#### Action item
Skipping each picture, output the entries exactly as they stand below.

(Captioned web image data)
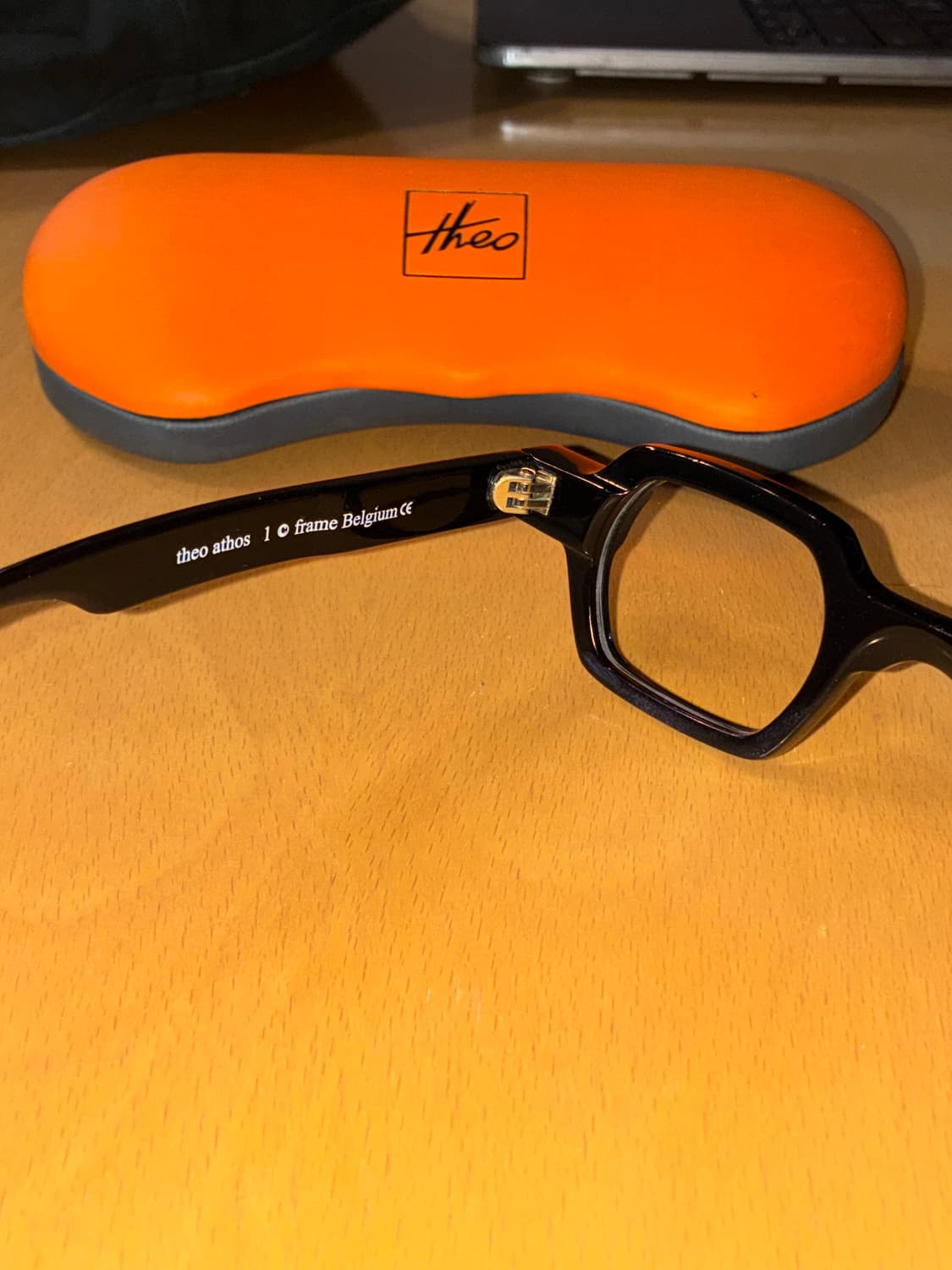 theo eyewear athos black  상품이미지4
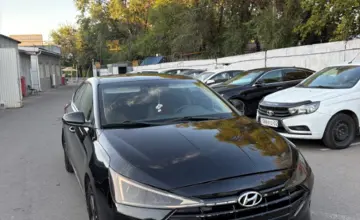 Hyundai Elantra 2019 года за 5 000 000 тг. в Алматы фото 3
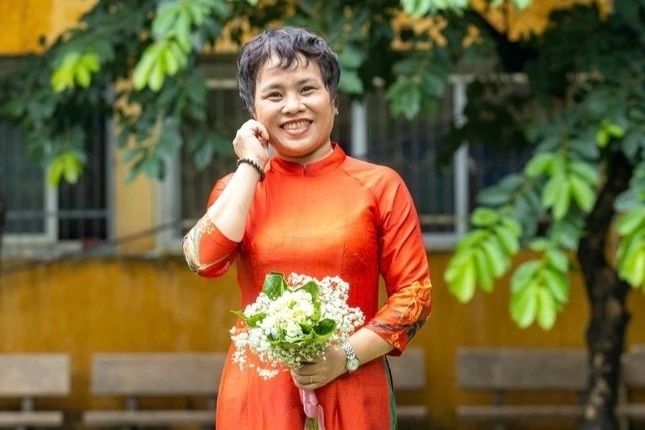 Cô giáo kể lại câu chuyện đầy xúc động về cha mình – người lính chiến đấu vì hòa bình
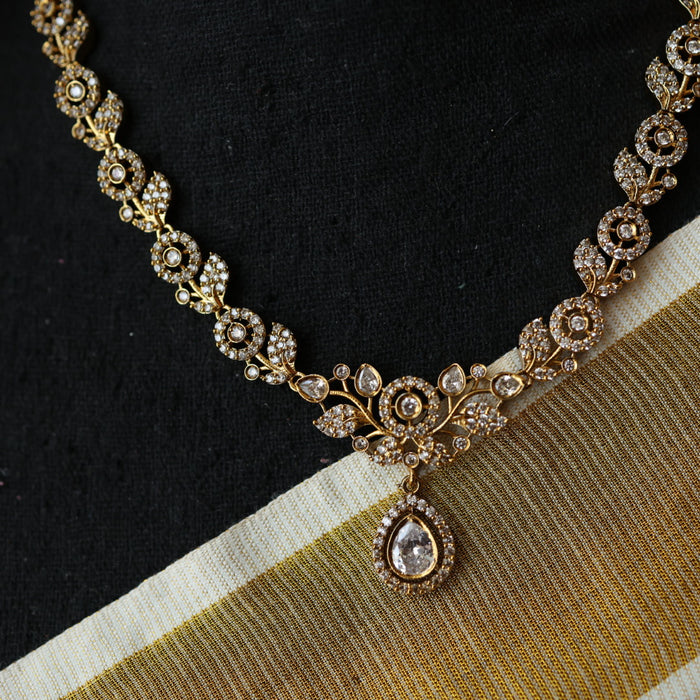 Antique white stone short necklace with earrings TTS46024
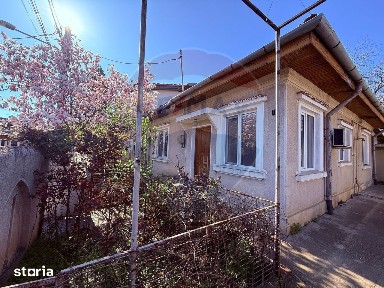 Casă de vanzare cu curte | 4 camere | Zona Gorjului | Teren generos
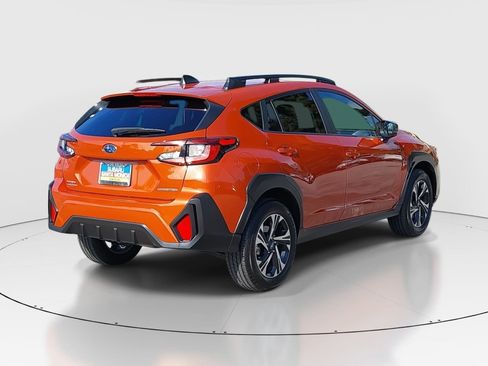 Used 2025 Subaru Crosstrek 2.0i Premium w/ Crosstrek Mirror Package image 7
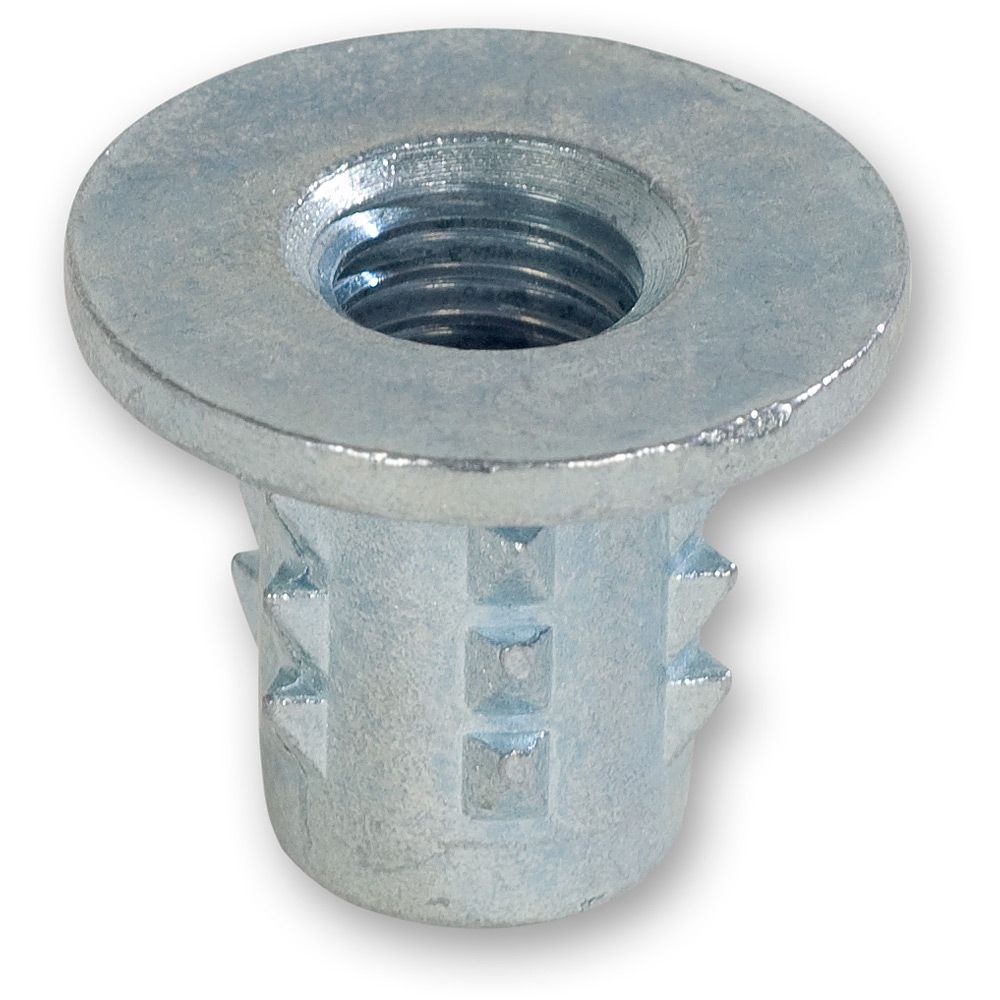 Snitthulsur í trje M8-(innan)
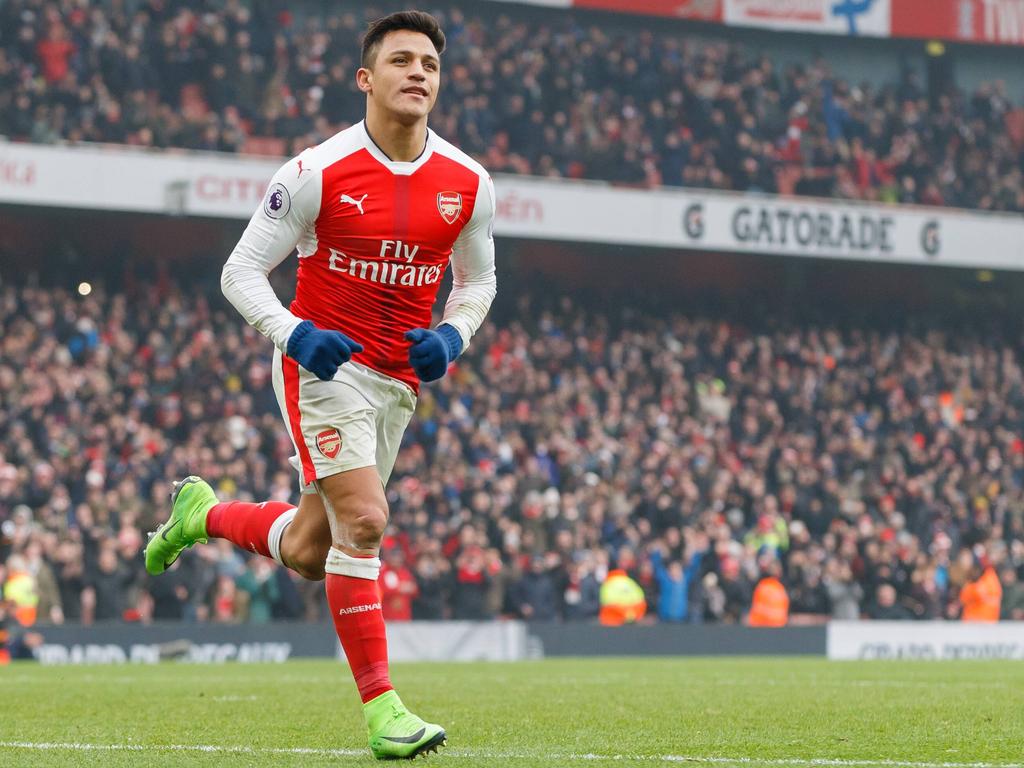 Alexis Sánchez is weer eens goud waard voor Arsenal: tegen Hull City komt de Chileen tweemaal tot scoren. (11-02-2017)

#### Problem solution
 theo eyewear athos black  상품이미지4
 Hyundai Elantra 2019 года за 5 000 000 тг. в Алматы фото 3
 Cô giáo kể lại câu chuyện đầy xúc động về cha mình – người lính chiến đấu vì hòa bình
 Antique white stone short necklace with earrings TTS46024
 Casă de vanzare cu curte | 4 camere | Zona Gorjului | Teren generos
 Used 2025 Subaru Crosstrek 2.0i Premium w/ Crosstrek Mirror Package image 7
 Snitthulsur í trje M8-(innan)
 Alexis Sánchez is weer eens goud waard voor Arsenal: tegen Hull City komt de Chileen tweemaal tot scoren. (11-02-2017)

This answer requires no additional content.